Binaries vs libraries

You may expose your application's functionality as a library. Some binaries are simple and don't necessarily need to expose their functionality as a library. Other binaries are more complex, in which case their functionality can be exposed as a library that others can build upon.

Why separate libraries from binaries?

  • For other consumers of the library, clap and other binary-only dependencies are unnecessary.
  • The binary's versioning is separated out from the library's versioning; see Versioning for more.

Reasons against exposing a library

  • Maintaining a library in addition to a binary is hard work. It involves documentation and versioning.
  • In some cases, maintainers can decide to expose their functionality only as a binary to force a looser coupling with downstream consumers.
    • Case study: The presence of the libgit2 and JGit libraries for Git has made it significantly harder to improve Git's data structures. These libraries are tightly coupled to their consumers, which in practice means that Git improvements are tied to the release schedules of commercial projects like Xcode and Visual Studio.
    • Cargo and rustc are not designed to be invoked as libraries. They force loose coupling.

If you've decided to make a library

Note: In this section, "package" means all code scoped to a single Cargo.toml file.

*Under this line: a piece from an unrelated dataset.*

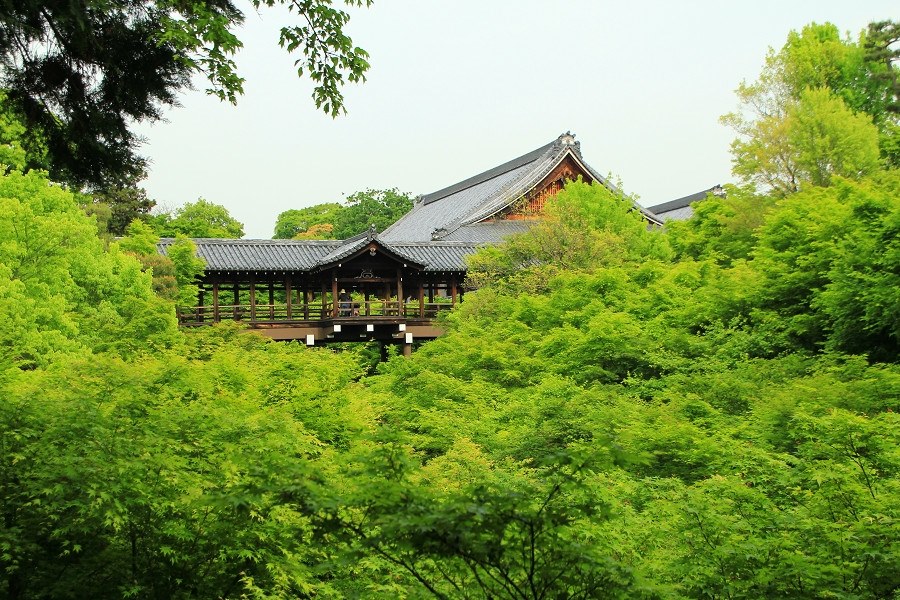緑の作例』 CANON EOS Kiss X4 ダブルズームキット のクチコミ掲示板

If your code is meant to be uploaded to a registry like crates.io:

  • Binary packages must not expose their library functionality within the same package.
  • The library package must be separated out, with an appropriate name linking the two.

If your code is internal to the workspace:

  • Binary packages should not expose a library within the same package.
  • The library package should be separated out, with an appropriate name linking the two.

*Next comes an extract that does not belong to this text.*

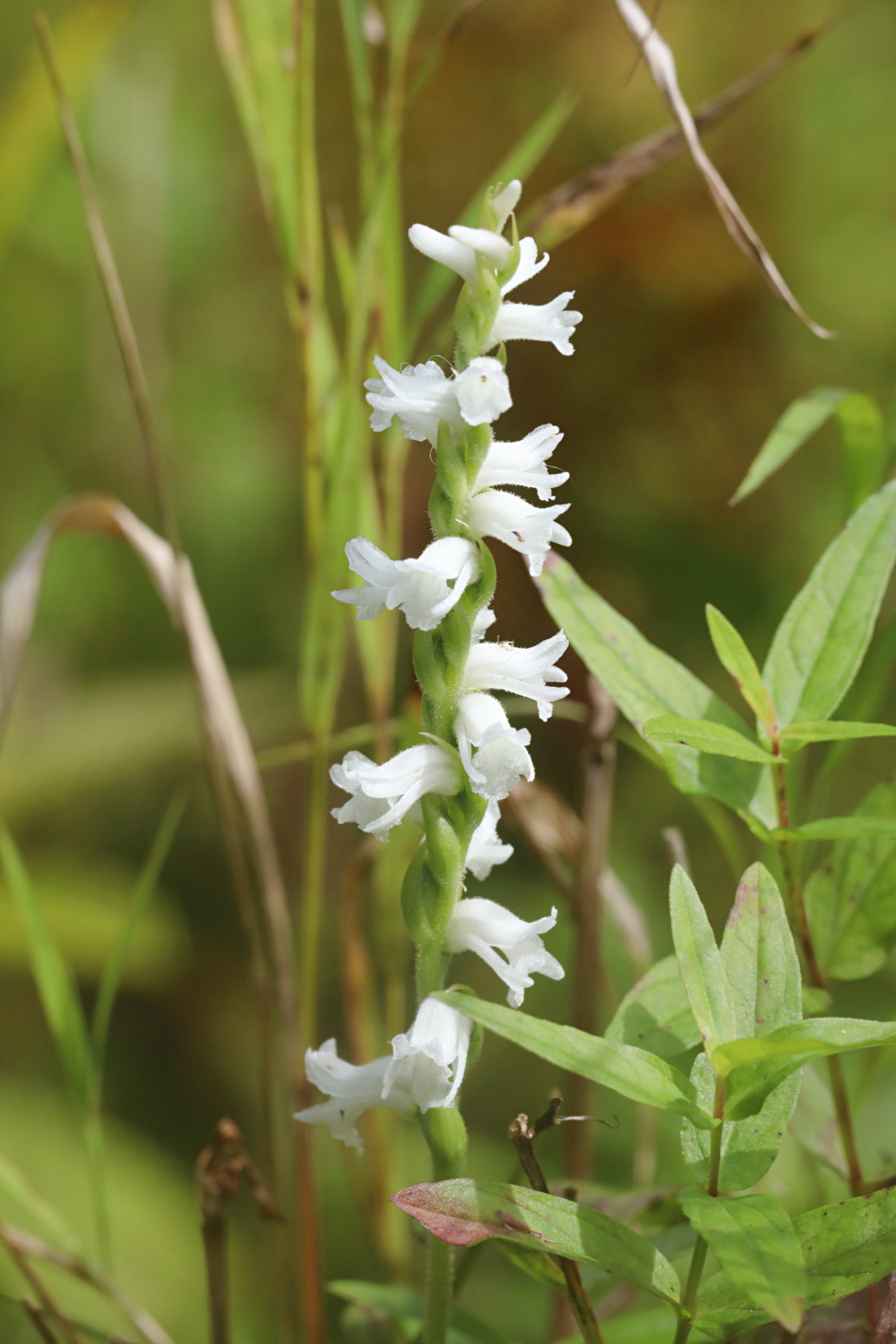 Appalachian Ladies' Tresses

Some examples of linked names:

  • my-lib for the library, and my-lib-cli for the binary, if most people are going to use the library.
  • my-app-core for the library, and my-app for the binary, if most people are going to use the binary.
  • my-utility for the library, and cargo-my-utility for the binary, if your program is a Cargo plugin.

There's an intermediate solution possible here, which is to have a single crate that enables being built as a binary with --features=bin. However, you must not do this for code uploaded to a registry, because you lose out on the benefits of having separate versioning. You may use this pattern for code internal to a workspace.